- McCarty Hill Location within New York McCarty Hill Location within the United States

Highest point
- Elevation: 2,330 feet (710 m)
- Coordinates: 42°15′15″N 78°41′39″W﻿ / ﻿42.2542307°N 78.6941970°W

Geography
- Location: Center of Cattaraugus County, New York, U.S.
- Topo map: USGS Ellicottville

= McCarty Hill =

Mountain in New York, United States

McCarty Hill is a mountain in the Southern Tier of New York. It is located in Cattaraugus County, mostly in Little Valley and Great Valley, with portions in Ellicottville and Mansfield. In 1940, an 82 ft 6 in steel fire lookout tower was built on the mountain. The tower ceased fire lookout operations and then officially closed in early 1989. In 1993, the tower was dismantled and removed and replaced with a free-standing communications tower.

==History==
In 1940, the Civilian Conservation Corps Camp S-106 of Salamanca, New York built an 82 ft 6 in International Derrick steel fire lookout tower on the mountain. The tower was initially intended to be on Irish Hill, which is located 6 mi northeast of McCarty Hill. The tower was first staffed in 1941 and reported 4 fires and 980 visitors. The tower ceased fire lookout operations at the end of the 1988 fire lookout season. The New York State Department of Environmental Conservation (NYSDEC) officially closed the tower in early 1989. Beginning in 1987, the tower hosted repeater antennae for the Cattaraugus County Sheriff's Office (CCSO). A small building was built at the base with a chain link fence to protect the building. In 1993, the NYSDEC made an agreement with the CCSO that the CCSO could build a free-standing tower on the site of the fire lookout tower. The tower was dismantled and removed at the same time the new free-standing tower was constructed.

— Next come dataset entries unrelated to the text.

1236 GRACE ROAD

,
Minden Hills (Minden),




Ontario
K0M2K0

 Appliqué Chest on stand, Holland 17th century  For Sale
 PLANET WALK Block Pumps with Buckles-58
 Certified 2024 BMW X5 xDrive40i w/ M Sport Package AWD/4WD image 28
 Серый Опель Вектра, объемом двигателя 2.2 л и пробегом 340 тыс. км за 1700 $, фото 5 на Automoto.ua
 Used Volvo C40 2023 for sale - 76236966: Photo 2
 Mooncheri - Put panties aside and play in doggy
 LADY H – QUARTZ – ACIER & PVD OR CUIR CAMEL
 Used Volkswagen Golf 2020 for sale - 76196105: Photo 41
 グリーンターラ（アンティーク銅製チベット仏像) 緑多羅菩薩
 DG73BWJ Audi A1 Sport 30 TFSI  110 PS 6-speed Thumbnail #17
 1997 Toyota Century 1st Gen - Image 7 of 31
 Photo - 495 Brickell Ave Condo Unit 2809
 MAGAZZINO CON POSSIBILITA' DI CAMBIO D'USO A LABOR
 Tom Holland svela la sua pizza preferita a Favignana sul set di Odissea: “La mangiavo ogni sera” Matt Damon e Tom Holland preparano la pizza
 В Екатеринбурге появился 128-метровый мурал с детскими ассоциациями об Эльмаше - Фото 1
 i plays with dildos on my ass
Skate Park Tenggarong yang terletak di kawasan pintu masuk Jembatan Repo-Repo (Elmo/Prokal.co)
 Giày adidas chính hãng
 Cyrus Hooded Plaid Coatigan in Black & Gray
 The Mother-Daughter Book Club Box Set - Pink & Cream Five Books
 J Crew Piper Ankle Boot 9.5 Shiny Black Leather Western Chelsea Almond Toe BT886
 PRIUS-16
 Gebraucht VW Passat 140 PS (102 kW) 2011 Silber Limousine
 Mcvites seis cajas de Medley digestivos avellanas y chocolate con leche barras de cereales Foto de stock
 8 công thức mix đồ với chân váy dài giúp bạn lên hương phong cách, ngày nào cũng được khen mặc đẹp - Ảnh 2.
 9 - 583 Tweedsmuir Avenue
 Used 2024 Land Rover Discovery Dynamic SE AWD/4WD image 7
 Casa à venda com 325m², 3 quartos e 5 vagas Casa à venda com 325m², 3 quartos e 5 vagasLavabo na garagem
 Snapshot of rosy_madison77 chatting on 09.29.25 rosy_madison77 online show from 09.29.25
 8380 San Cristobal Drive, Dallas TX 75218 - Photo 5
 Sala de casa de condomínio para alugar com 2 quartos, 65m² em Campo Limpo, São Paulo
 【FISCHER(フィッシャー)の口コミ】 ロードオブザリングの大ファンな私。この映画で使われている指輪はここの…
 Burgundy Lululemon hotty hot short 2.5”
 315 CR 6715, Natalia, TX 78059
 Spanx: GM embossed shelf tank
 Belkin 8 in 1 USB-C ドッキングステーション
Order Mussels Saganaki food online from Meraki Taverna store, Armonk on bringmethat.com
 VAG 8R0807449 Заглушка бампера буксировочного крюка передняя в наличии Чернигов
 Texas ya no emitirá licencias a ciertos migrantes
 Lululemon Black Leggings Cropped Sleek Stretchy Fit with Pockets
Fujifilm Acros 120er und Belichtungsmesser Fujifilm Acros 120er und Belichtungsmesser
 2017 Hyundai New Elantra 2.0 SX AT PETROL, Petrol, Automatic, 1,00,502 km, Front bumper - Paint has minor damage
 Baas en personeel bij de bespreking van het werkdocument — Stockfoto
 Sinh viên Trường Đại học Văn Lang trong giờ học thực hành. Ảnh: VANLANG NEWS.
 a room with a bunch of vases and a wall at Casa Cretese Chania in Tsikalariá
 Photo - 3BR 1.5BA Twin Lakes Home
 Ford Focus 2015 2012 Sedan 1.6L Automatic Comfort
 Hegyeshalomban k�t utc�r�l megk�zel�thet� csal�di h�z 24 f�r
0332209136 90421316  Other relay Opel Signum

Both the Holimont Ski Resort and Holiday Valley Resort are constructed on the north-facing side of the mountain. Most of the remainder of the mountain is owned by the state of New York as the Rock City State Forest and McCarty Hill State Forest (New York State Forests). The state offers mountain biking, camping, hiking (via the Finger Lakes Trail), horseback riding, snowmobiling during winter months, and hunting; the southern portion of the state forest includes a geological formation of large boulders resembling a city, hence the Rock City name.